I mentioned that the problem is difficult to solve, but thought it might be interesting to see how good we are collectively at guessing the answer.

The actual value turns out to be 3064.

It’s not for the faint-hearted, but there’s an academic paper which contains a formula to calculate this result, although the formula as written seems to contain a misprint. Moreover, trying to implement the formula in a simplistic way leads to numerical instabilities resulting in both negative probabilities and probabilities greater than several million (!) for some choices of the number of people in the room. However, the corrected version of the formula seems to work over a reasonable range of numbers. (I checked with a simple simulation routine.)


Anyway, using the corrected formula results in the above graph, which shows the probability that everyone shares a birthday for numbers of people between 2000 and 5000. Below 2000 the probability is essentially zero; above 5000 and it’s essentially one. But between 2000 and 5000 the probability behaves as shown in the graph. You can see that to get a probability of at least 0.5 you need just over 3000 people, and actually the smallest number which takes the probability over the 0.5 threshold is 3064. If you guessed anywhere near that value, or indeed anywhere between 2000 and 5000, you did amazingly well.

One interesting thing about this problem is that the graph suggests that the fewer the people there are in the room, the smaller the probability that they all share the same birthday. Certainly for numbers within the range 2000 – 5000 we can see from the graph that’s true. It’s also true well outside of the range 2000 – 5000.

However, there’s one simple case where the probability is easy to calculate. Suppose there are just two people in the room. In this case the probability that everyone in the room shares a birthday is 1/365. To see this, suppose the first person’s birthday is D. Then everyone – i.e. both people – in the room will share a birthday if the second person’s birthday is also D. Under usual assumptions this is simply 1/365. So, although the graph above decreases as the number of people decreases (i.e. moving along the graph from right to left), there must be a point at which it starts to increase again, in order that when there are 2 people the probability goes up as far as 1/365.

As I wrote in the original post, one reason for setting this problem is to see how well we are able collectively to make a judgement on a problem like this, for which the true answer is very difficult to obtain.

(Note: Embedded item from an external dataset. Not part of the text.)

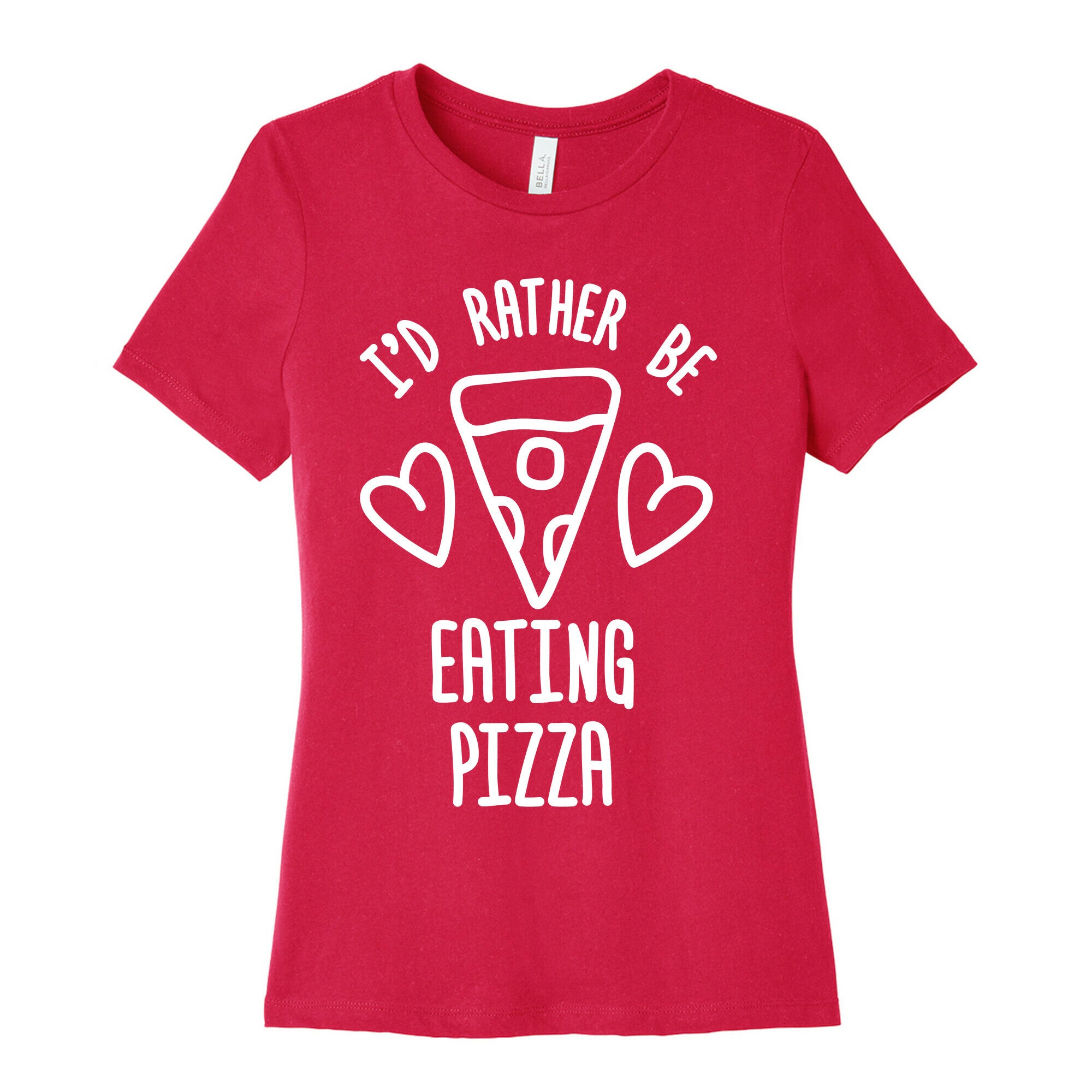 I'd Rather Be Eating Pizza Women's Cotton Tee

Your collective results are summarised  in the following figure, with guesses shown as dots and the true answer shown as a red line:



The guesses varied from 184 to 50,000, with most of the guesses towards the lower end of that range. So, to show the values in a reasonable way, I’ve had to use a logarithmic scale for the graph. Each dot on the graph represents somebody’s guess, and I’ve had to jiggle the points a bit where there were two identical or near-identical guesses.

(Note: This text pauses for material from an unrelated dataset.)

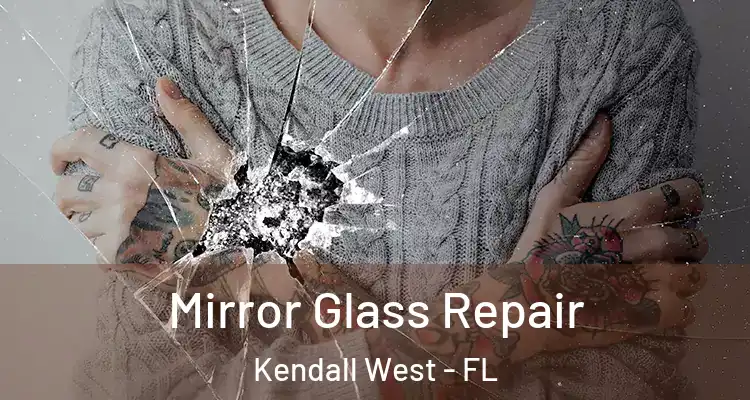  Mirror Glass Repair Kendall West - FL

I’d summarise things as follows:

  1. If you count the dots you’ll reach a total of 12. So thanks to all 12 of you who replied, and I’m happy to buy each of you a drink at the Christmas dinner.
  2. Before you get too impressed by the fact that two people seem to have guessed the right answer, neither of these ‘guesses’ was perfect. One was 3061, the other was 3065. The fact that they are wrong implies that these respondents didn’t develop, or even google, the exact formula. And don’t be too impressed that they were so close to the true answer either: the guesses are so good that they are almost certainly not just guesses. Chances are that both these attempts derive from a simple simulation of the exercise, similar to the one I used myself to check the formula. It’s easy to get very close to the answer this way, but the inherent randomness of simulations means you need a very large number of simulations to get an accurate estimate of the probability. And deciding, for example, whether 3064 people leads to a probability slightly below or slightly above 0.5 is likely to be very time-consuming. (Time consuming for the computer, that is. I’m not very good at programming, but my version took about 5 minutes to code.)
  3. Excluding the two cheats two clever people who almost certainly used simulation to solve the problem, most respondents underestimated the number of people needed. Remember, that until you get to around 2000 people, the probability is essentially zero. Only two of the remaining respondents overestimated the number. And the respondent who guessed 5000 was the person with a genuine guess who came closest to the true answer. Indeed, their guess of 5000 just about made it onto the previous graph showing all the probabilities that were greater than 0, but smaller than 1.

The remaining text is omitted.